Gry i zabawy terenowe
Na plaży można kopać studnie aż do poziomu morza i budować zamki, pomóż dziecku kopać! Na wsi można leżeć w stogu siana, a w lesie budować domki na drzewach – pozwólcie dzieciom chwilę się ponudzić, posłuchajcie, jakie one mają pomysły, wsłuchajcie się nawet w te najbardziej absurdalne – tu przecież rozkwita ich kreatywność, o której będą potem pisać w CV – a okaże się, że spędzicie cudowne popołudnie na obserwacji pszczół lub dokopiecie się do środka ziemi wywożąc piasek wyimaginowaną wywrotką z rąk mamy lub taty na ogromny plac budowy metra. Niech poprowadzą Was dzieci.

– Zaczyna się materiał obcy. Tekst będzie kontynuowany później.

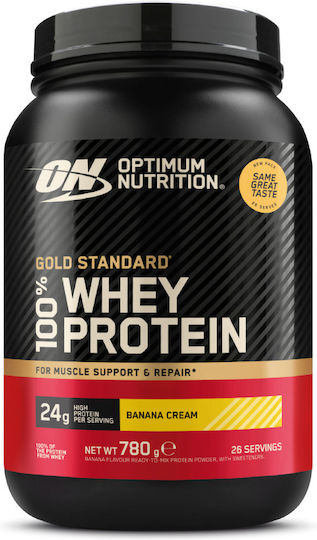Optimum Nutrition Gold Standard 100% Whey Протеин от Суроватъчен Протеин с Вкус Banana Cream 768гр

Dając dziecku wolną rękę, zwróćcie uwagę, że czasem dziecko zatrzymuje się, gdy ma się pobrudzić lub „napsocić”, bo nie wie, czy to będzie akceptowane przez rodziców. Zachęćcie je, dajcie swoją aprobatę, a okaże się, że robi rzeczy, które będzie wspominać przez resztę życia! Ubierzcie dzieci w starsze ciuchy i pozwólcie im ubłocić się, zazielenić i umorusać bez poczucia straty, by ocena stanu ubrań nie wpływała negatywnie na rozrywkę (i naukę przy okazji) dzieci.

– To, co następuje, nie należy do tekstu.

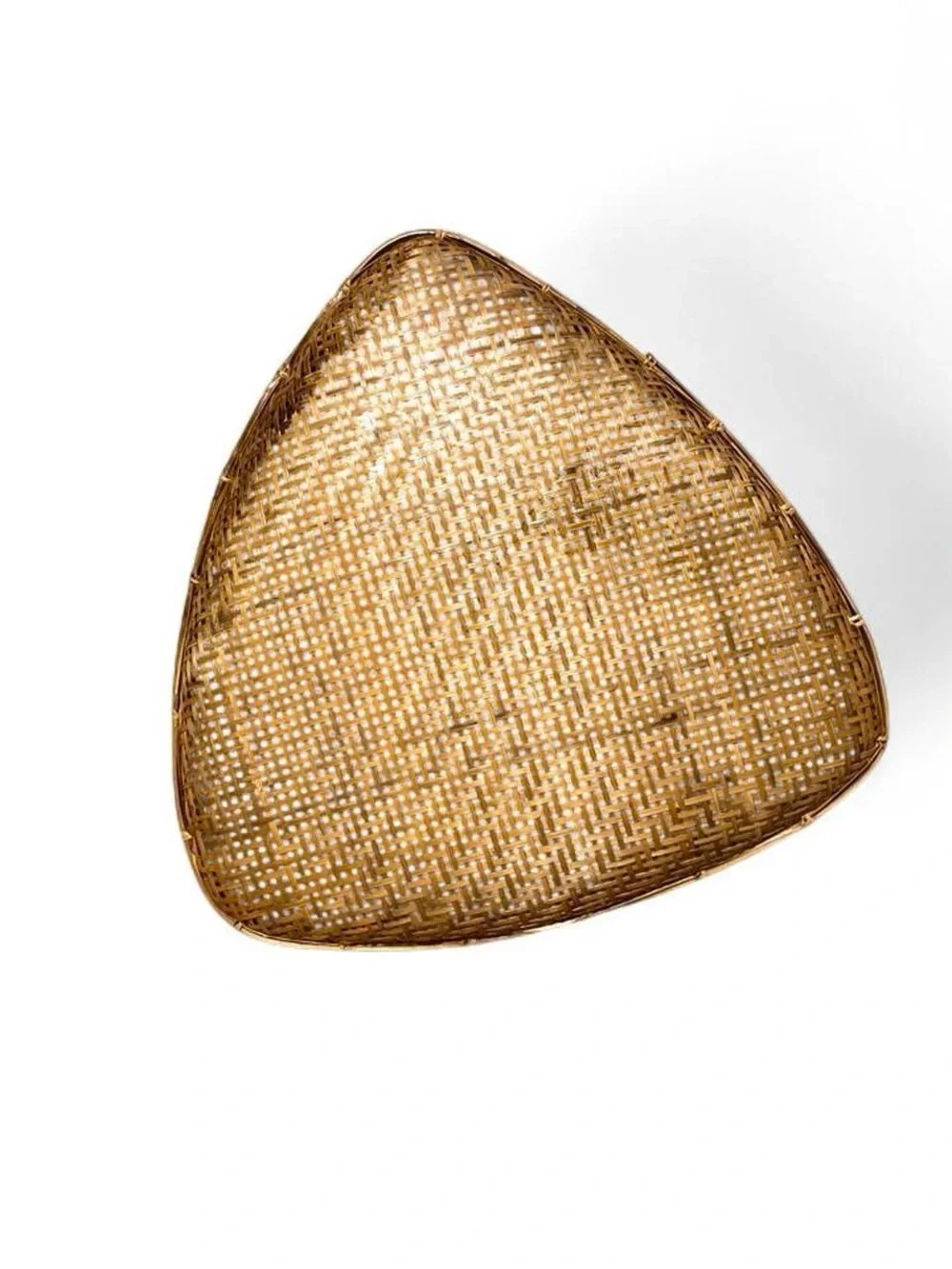 Vintage Triangular Japan Style Wicker Basket Tray Drying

W czasie wspólnego wyjazdu lub pobytu u dziadków możecie zaproponować dzieciom zabawę w poszukiwaczy skarbów. Schowajcie w ogrodzie, na plaży lub w parku skarb – to może być nawet koszyczek owoców, który szczęśliwi znalazcy będą mogli spałaszować – i narysujcie mapę lub przygotujcie zestaw drogowskazów. Mapę możecie specjalnie postarzyć, przypalić jej brzegi, lekko pobrudzić i np. schować do butelki lub skrzyni na strychu. Dzieci zamienią się w bohaterów znanych im z książek, a przygoda pozostanie w waszej pamięci na zawsze!

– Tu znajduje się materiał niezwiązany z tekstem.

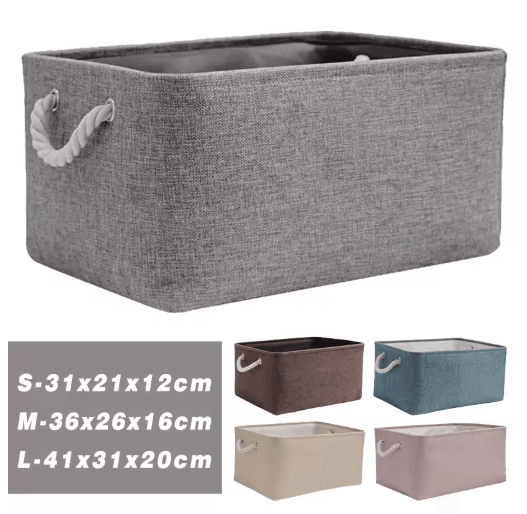 Foldable Linen Storage Basket for Closet, Office and Bedroom Organization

Warto też wrócić pamięcią do tego, co my robiliśmy w dzieciństwie. To nie tylko poruszająca podróż w przeszłość (która może oczarować dzieciaki), ale też kopalnia pomysłów. Skakanie w gumę – tak, tę z pasmanterii! – Wyścig Pokoju rozgrywany kapslami od butelek po piwie, „Naprzeciwko czarne piwko” z rysowaniem kredą po asfalcie terytorium państw czy nieśmiertelne klasy. Możecie też stworzyć coś ad hoc: pobawić się w wymyślanie rzeczy niemożliwych, zgadywanie, co współpasażerowie mają w plecaku, a w ciepłym letnim deszczu rozebrać dzieci do majtek, gonić się po ogrodzie lub plaży, a na koniec zanurzyć się w wannie ciepłej wody. Prosta aktywność, a wyzwala endorfinę u dzieci i u rodziców.
W miejscu
Jeśli mamy do dyspozycji tylko popołudnia po pracy, możemy zamiast całodniowych aktywności fizycznych bawić się w domu lub w okolicy. Dobre będą np. zabawy manualne. Począwszy od lepienia ciasta, robienia pierogów czy pizzy poprzez malowanie palcami, rysowanie kredą po asfalcie aż do tworzenie zwykłymi farbami czy pastelami. I znów stare sprawdzone pomysły mogą okazać się najlepsze, bo plastelina i modelina (utrwalana we wrzątku lub piekarniku) może pobudzać wyobraźnię, ale też posłużyć do wyrobu np. biżuterii lub zabawek. Makaronowe gwiazdki mogą nabrać różnych kolorów i ozdobić szyję dziewczynki, możecie także zafarbować tkaninę – np. poplamioną koszulkę i będzie to wspaniałe połączenie przyjemnego z pożytecznym, a dziecko nauczy się trochę fizyki i chemii oraz ekologii.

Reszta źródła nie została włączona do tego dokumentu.